Article Contributed on: 4/27/2009 2:14:52 PM
On Sunday, April 26, 2009, the first Golden native in nearly a century stepped onto a Major League Baseball diamond.
Mark Melancon, called up by the New York Yankees, pitched the 7th and 8th innings in his Major League debut, both shutout innings, at Fenway Park against the Boston Red Sox. He recorded one strikeout, one walk, one hit, and one batter hit by a pitch. It was the first time a Golden native had played in a Major League game since 10-year utility fielder
Roy Hartzell walked off the field with those same Yankees on July 25, 1916, exactly 92 years and 9 months ago. A long time to wait, though only fitting that a Golden native should return with the last team a Golden native played for, with the peculiar footnote that historic Yankee Stadium came and went during all those years between them. Another interesting footnote is that Melancon made his debut in the only remaining big league stadium, Fenway Park, in which a past Golden native ever played. Hartzell batted the first ever RBI there.
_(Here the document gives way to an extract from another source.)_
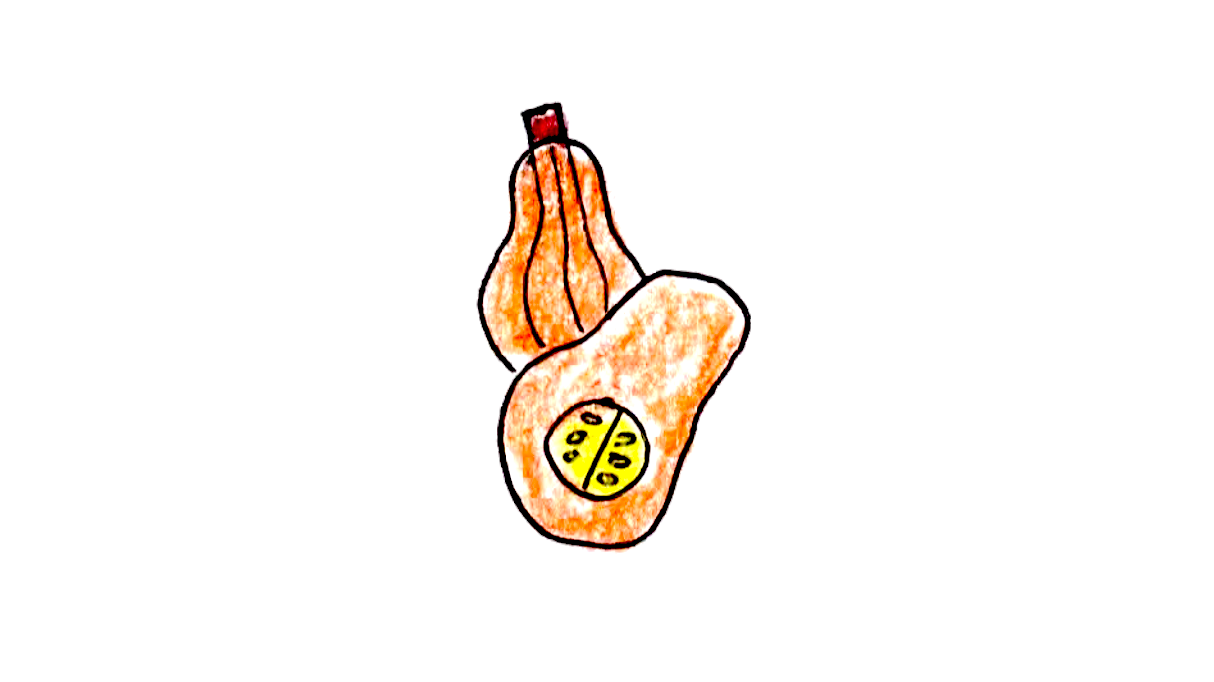Butternut Squash.png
Melancon is also the first Golden native to pitch in the big leagues in over a century, since
Albert "Cowboy" Jones left the mound, ailing with an elbow injury, for the St. Louis Cardinals on June 21, 1901, 107 years and nearly 10 months ago. He is our first right-hander, and first reliever, a position years from being thought of, as we know it, at the time Jones pitched.
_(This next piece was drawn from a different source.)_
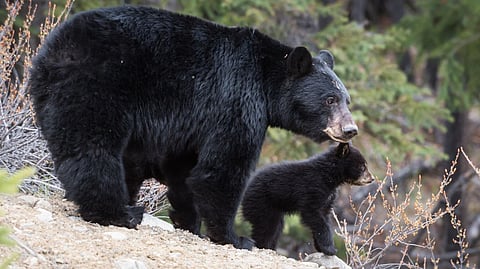 Bear attacks woman, 73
All three of these Major League Baseball players were Golden High School graduates. As Jones was the first Colorado native to play in the big leagues and the only one to play in the 19th Century, as well as he and Hartzell playing in the 20th, and now Melancon in the 21st, Golden is now the only place in Colorado to have Major League Baseball players spanning three centuries of play.